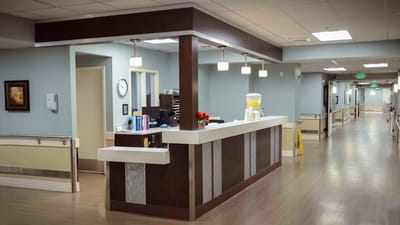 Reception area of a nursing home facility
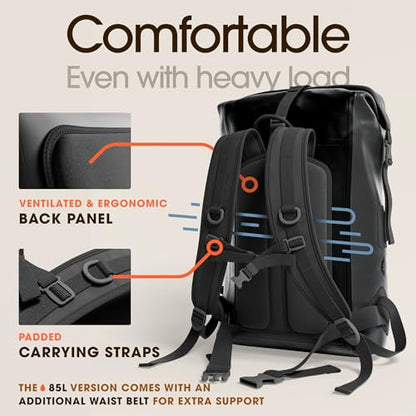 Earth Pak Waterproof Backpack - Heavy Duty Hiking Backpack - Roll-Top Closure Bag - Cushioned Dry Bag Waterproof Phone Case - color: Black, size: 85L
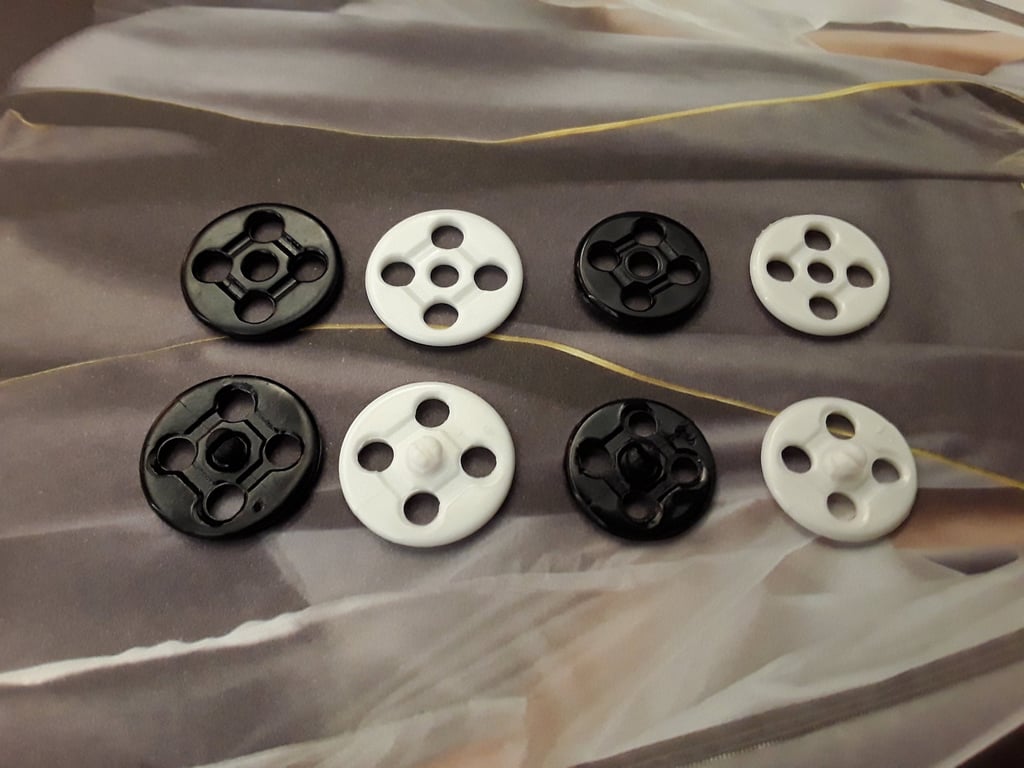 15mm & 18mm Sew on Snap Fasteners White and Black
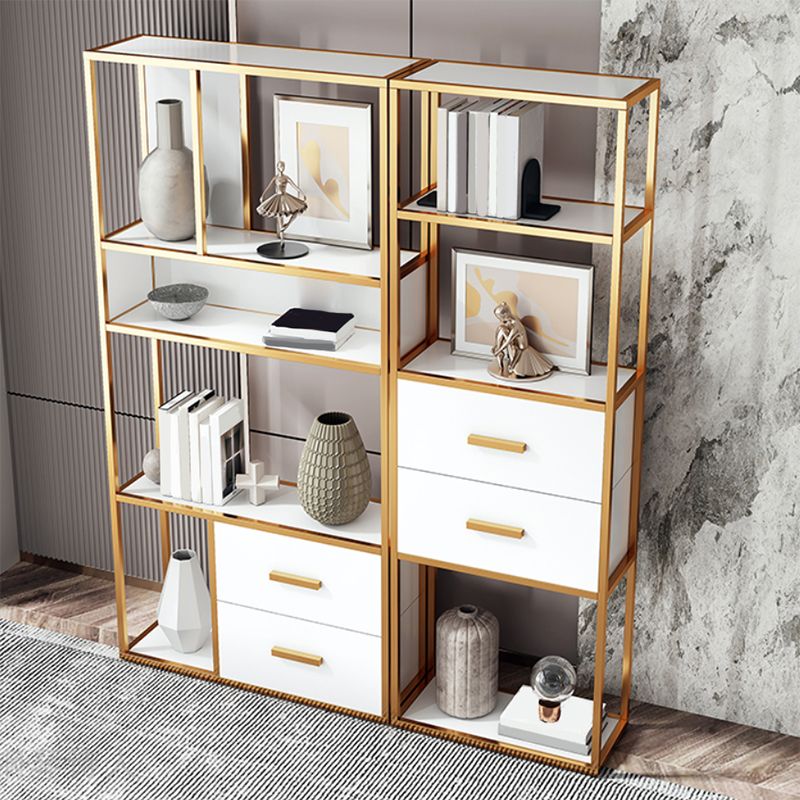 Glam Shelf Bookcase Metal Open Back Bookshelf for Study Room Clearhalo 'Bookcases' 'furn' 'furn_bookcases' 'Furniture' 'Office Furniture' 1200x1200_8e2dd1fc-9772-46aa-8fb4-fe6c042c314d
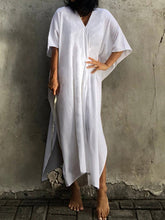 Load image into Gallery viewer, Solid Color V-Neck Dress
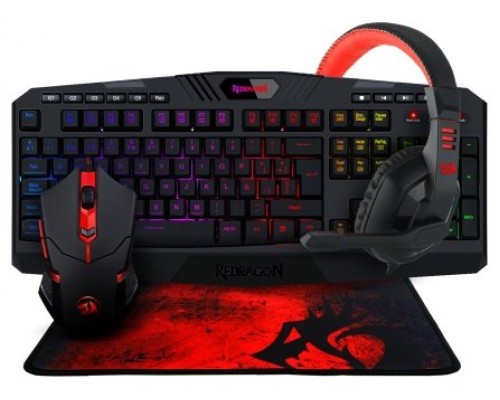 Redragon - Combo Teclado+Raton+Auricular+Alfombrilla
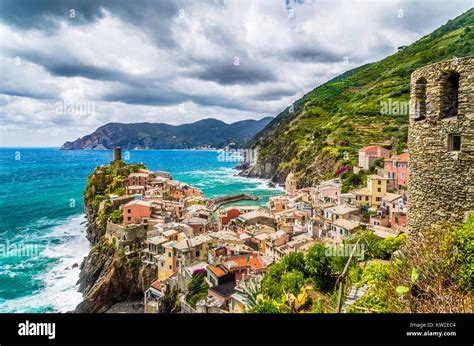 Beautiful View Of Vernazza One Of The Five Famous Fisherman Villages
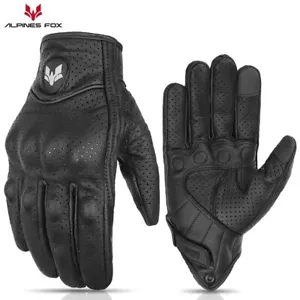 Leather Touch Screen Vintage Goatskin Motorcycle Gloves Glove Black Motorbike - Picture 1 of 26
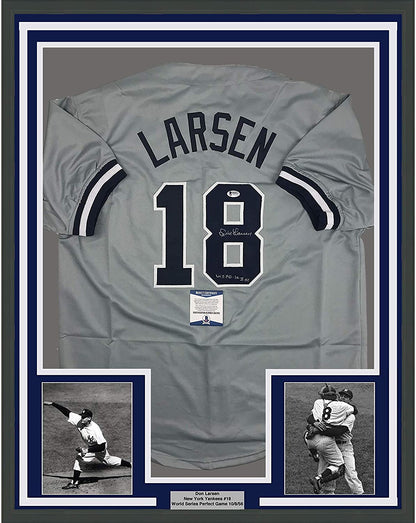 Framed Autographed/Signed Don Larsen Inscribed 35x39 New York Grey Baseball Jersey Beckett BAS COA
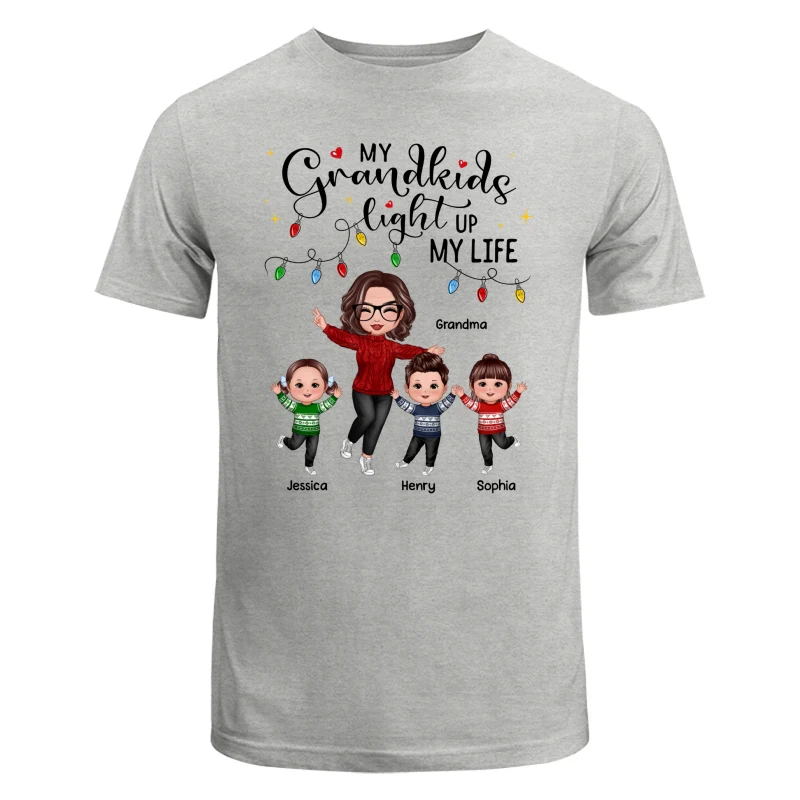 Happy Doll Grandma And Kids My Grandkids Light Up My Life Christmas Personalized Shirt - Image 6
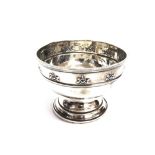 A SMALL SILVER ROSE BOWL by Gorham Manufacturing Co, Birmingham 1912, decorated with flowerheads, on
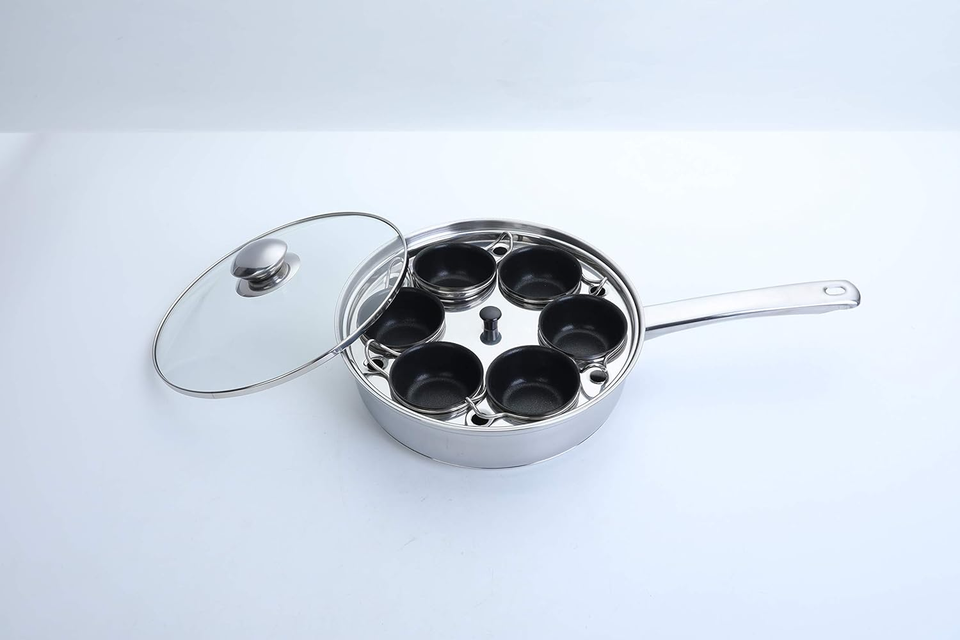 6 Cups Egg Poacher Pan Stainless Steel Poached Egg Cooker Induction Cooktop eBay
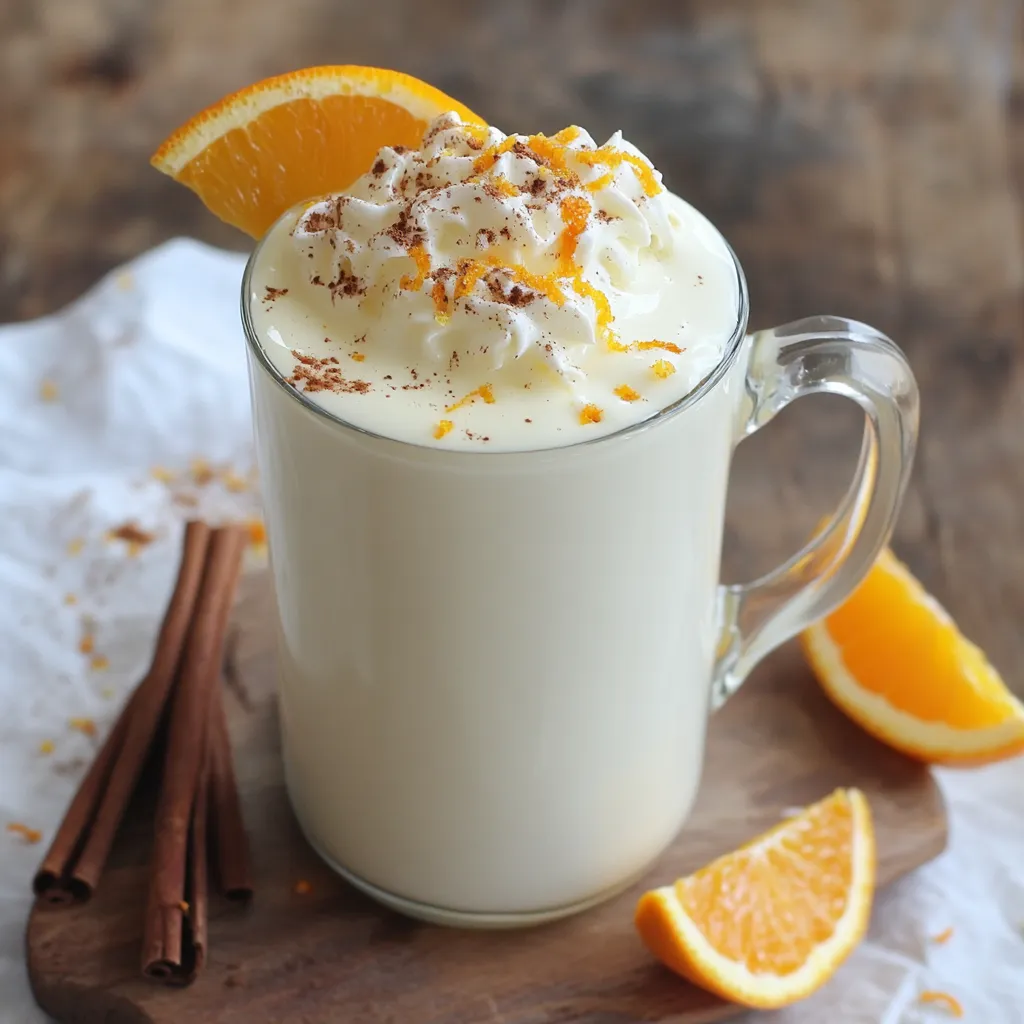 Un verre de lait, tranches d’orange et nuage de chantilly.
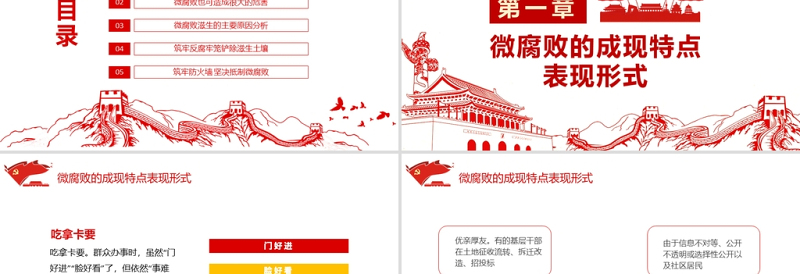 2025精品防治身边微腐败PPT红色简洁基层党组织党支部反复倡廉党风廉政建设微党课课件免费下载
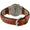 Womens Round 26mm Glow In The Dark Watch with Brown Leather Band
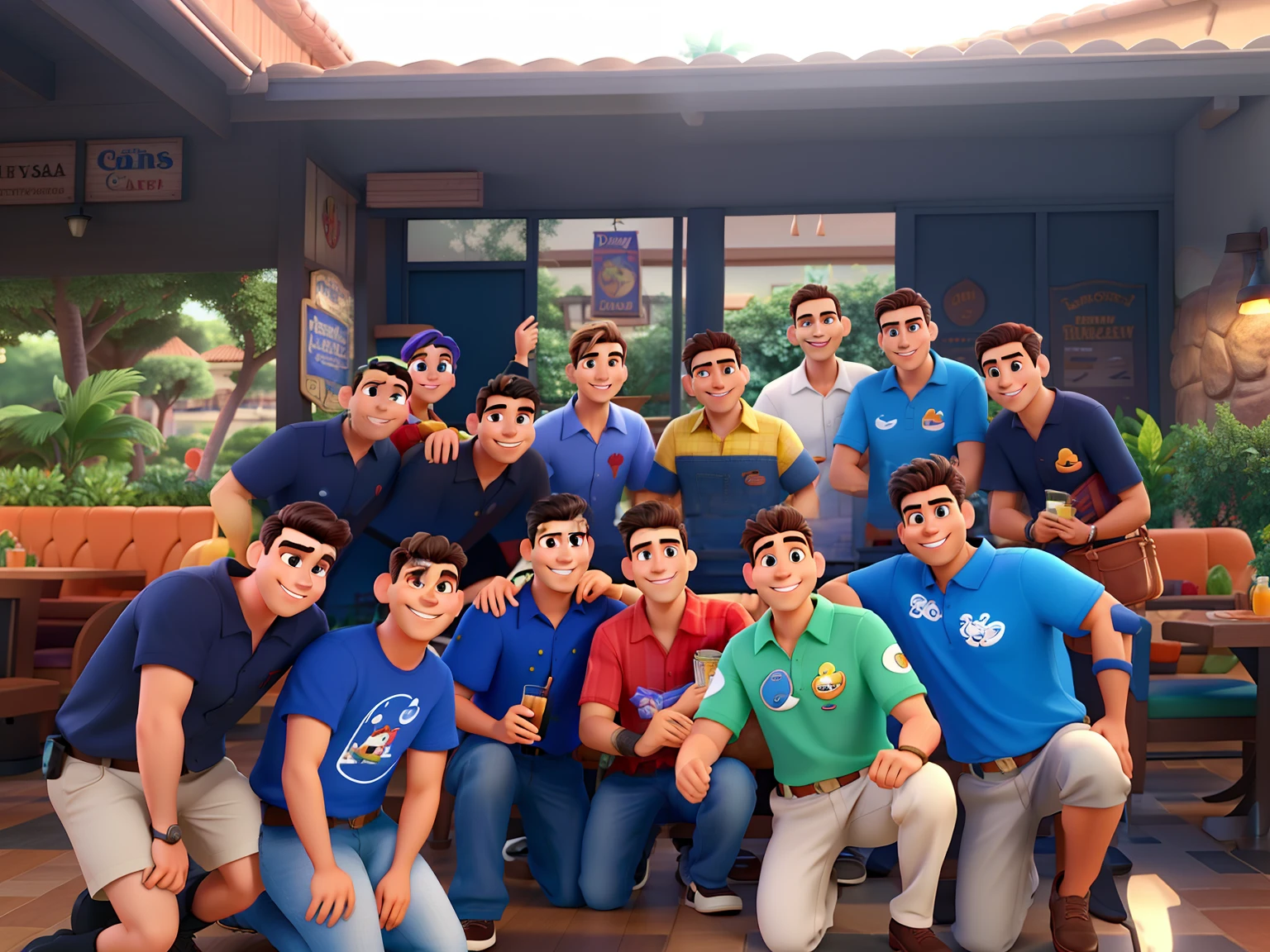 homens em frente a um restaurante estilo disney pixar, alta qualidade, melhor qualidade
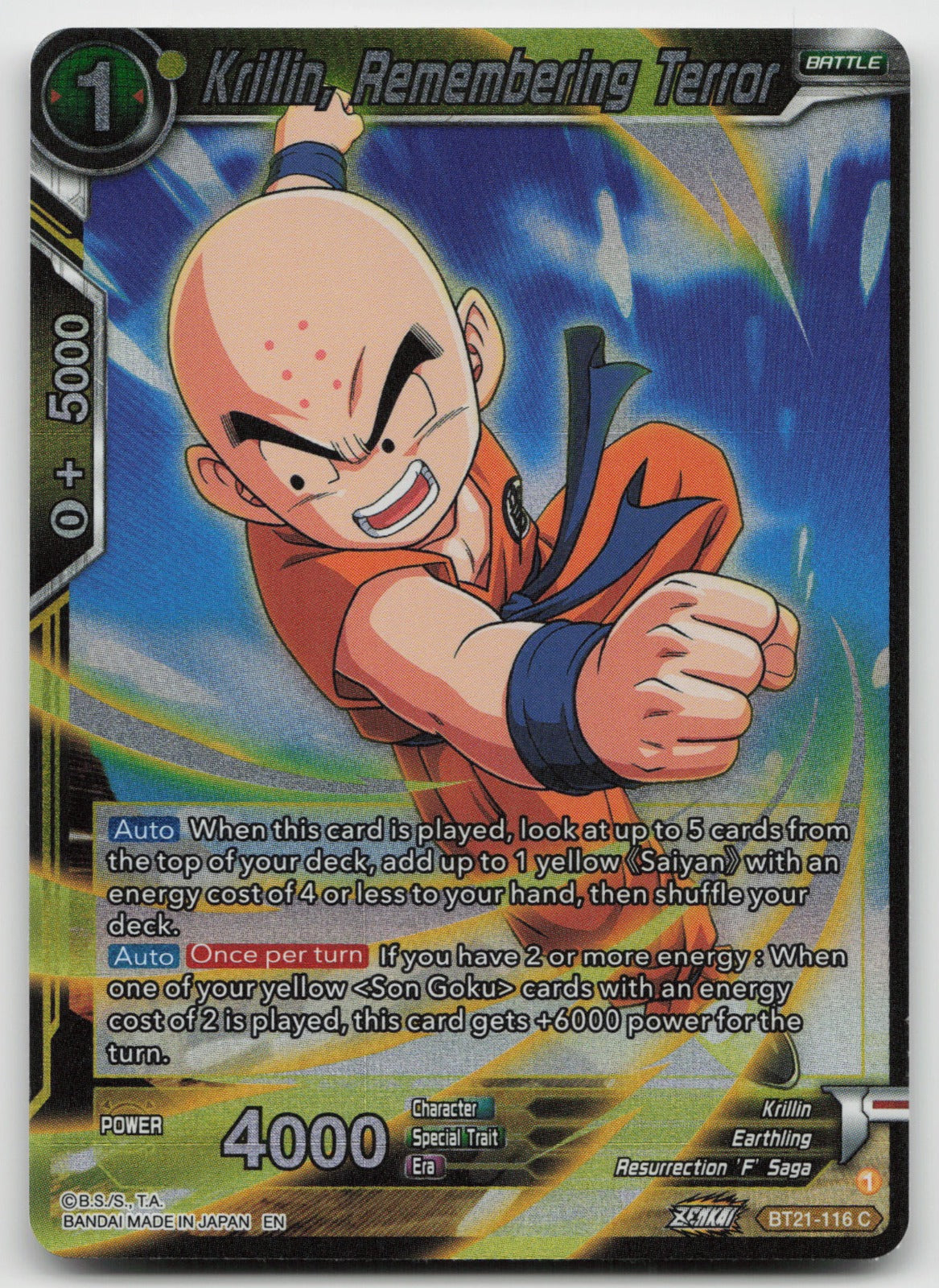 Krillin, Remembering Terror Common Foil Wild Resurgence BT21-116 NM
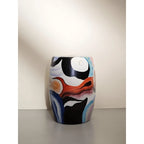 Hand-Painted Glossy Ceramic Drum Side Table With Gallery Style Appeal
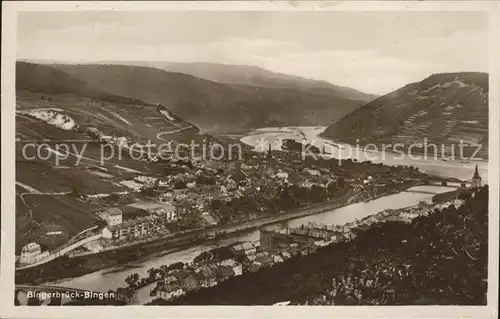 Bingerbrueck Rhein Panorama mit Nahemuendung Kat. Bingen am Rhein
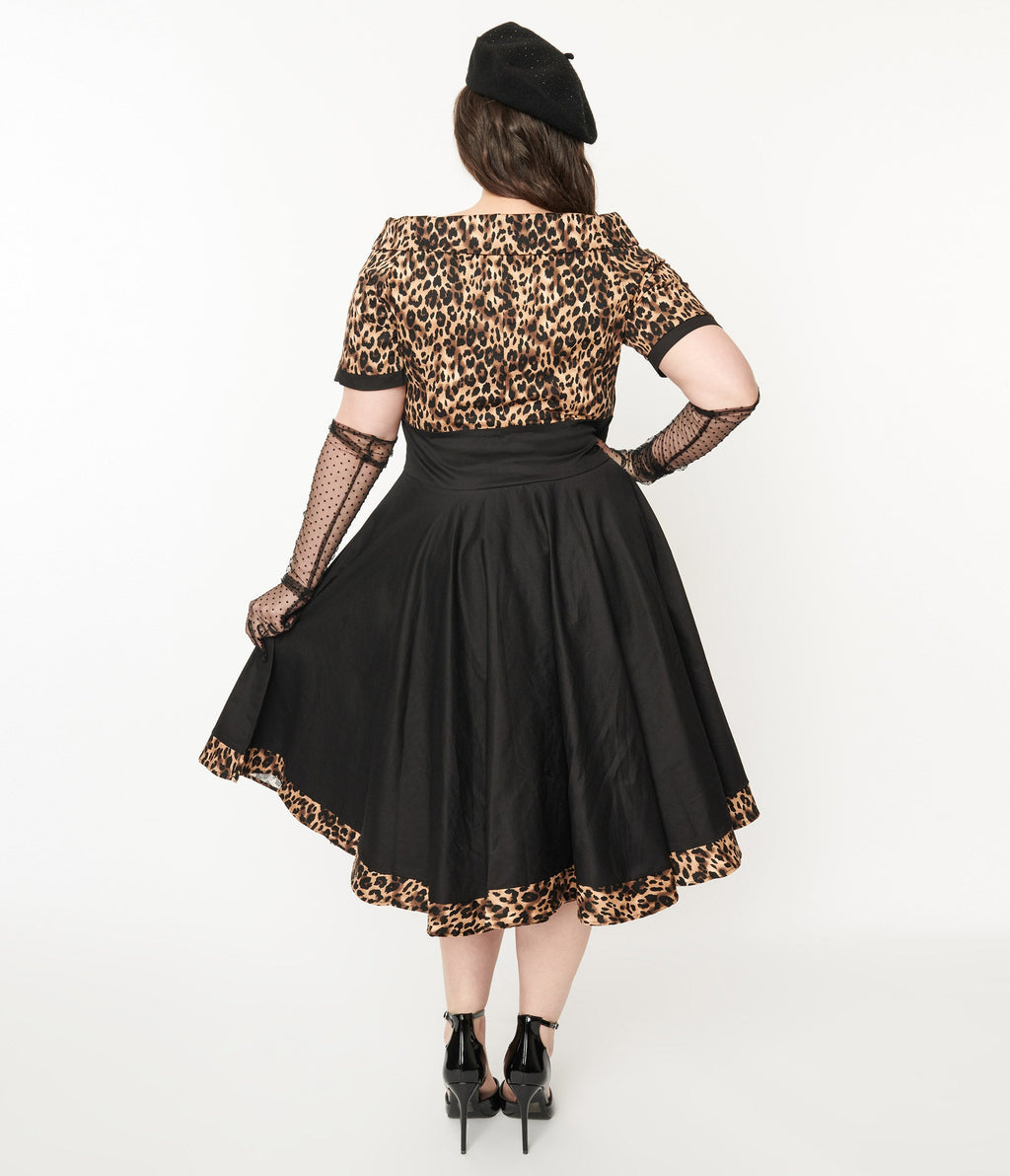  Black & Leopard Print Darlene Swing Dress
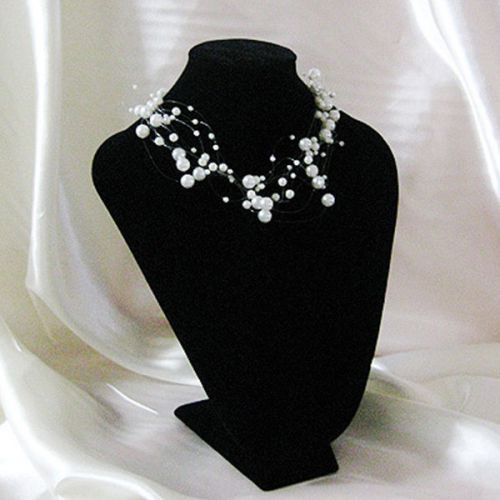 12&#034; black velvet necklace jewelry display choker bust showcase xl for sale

┄┄┄┄┄┄┄┄┄┄┄┄┄┄┄┄┄┄┄┄

_EXERCISE AIM_. Only one stretch of the material above is wanted: the line containing "homens em frente" through the line containing "Bingerbrueck Rhein Panorama". Restate it word for word, minus the pictures.

_EXERCISE RESPONSE_.
 homens em frente a um restaurante estilo disney pixar, alta qualidade, melhor qualidade
 Krillin, Remembering Terror Common Foil Wild Resurgence BT21-116 NM
 Hand-Painted Glossy Ceramic Drum Side Table With Gallery Style Appeal
 Bingerbrueck Rhein Panorama mit Nahemuendung Kat. Bingen am Rhein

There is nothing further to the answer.